I went to veterinary school back in the ’80s. Getting into veterinary school was very competitive, and staying in was challenging. It was intensely demanding to say the least. Nothing I studied was any more difficult than the subjects I had taken in my pre-vet courses. No, in vet school, it was the sheer VOLUME of material you had to learn. It was unbelievable. It was insane. The first year of veterinary school had the reputation for being the hardest. It was the year we developed a strong foundation in science – anatomy, physiology, histology, microbiology, virology, immunology, etc. There were usually about 8 hours of lectures a day, and then several more hours of labs after that. And then when you were through with your afternoon labs, you were usually heading to anatomy lab to study your cadavers. There would still be studying to do that night and somewhere in there you TRIED to find time to feed your weary body, although sometimes even that didn’t happen.
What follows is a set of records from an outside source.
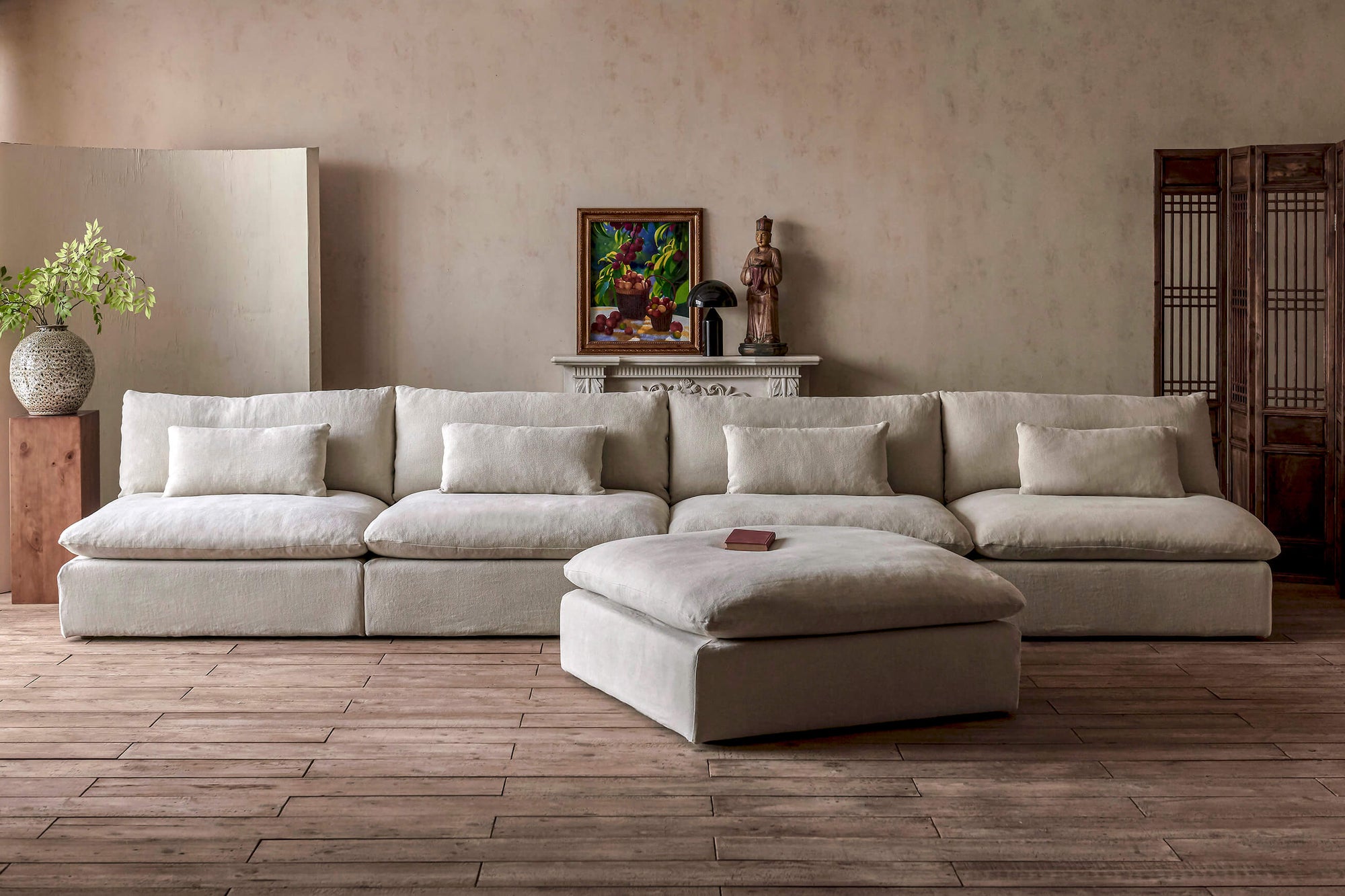 Aria Grande 5-piece Chaise Sectional Sofa in Warm Oatmeal, a light warm beige Medium Weight Linen, placed in a decorated room with a vase on a side table, a painting, and a table lamp set on a mantle behind it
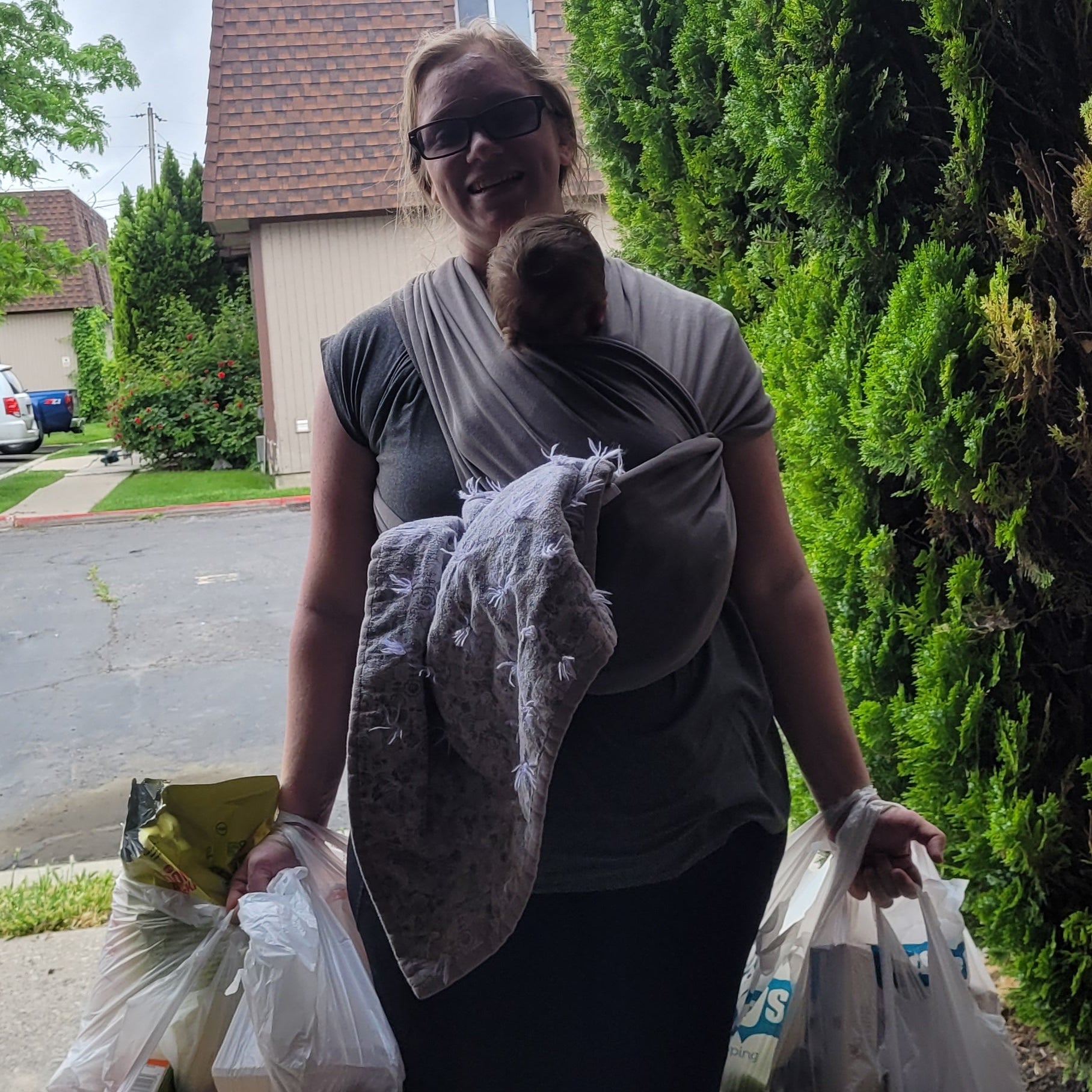Mom holding a plastic bag with groceries and babywearing on a street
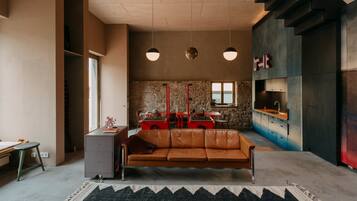 Ein modernes Wohnzimmer mit Ledersofa, Essbereich und einer Küche mit Steinwand.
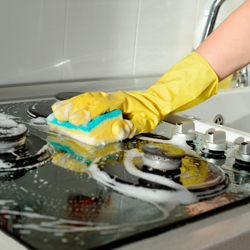 cleaner in yellow gloves scrubbing oven top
Oh yeah, and then there was that elusive thing called sleep. It was rare in those days.
When I attended vet school, it was a three-year curriculum (year round). It has since changed into a four-year curriculum. Years two and three involve studying diseases, their causes, diagnosis, treatment and prevention. The final year, the students participate exclusively in clinical rotations in the Veterinary Medical Clinics. It is the “hands-on” year. I once worked for a veterinarian who used to describe veterinary school like this. He said the first three years are like memorizing a phone book, and the fourth year, you finally get to call some numbers. In a nutshell, I think that’s a pretty accurate description of veterinary school.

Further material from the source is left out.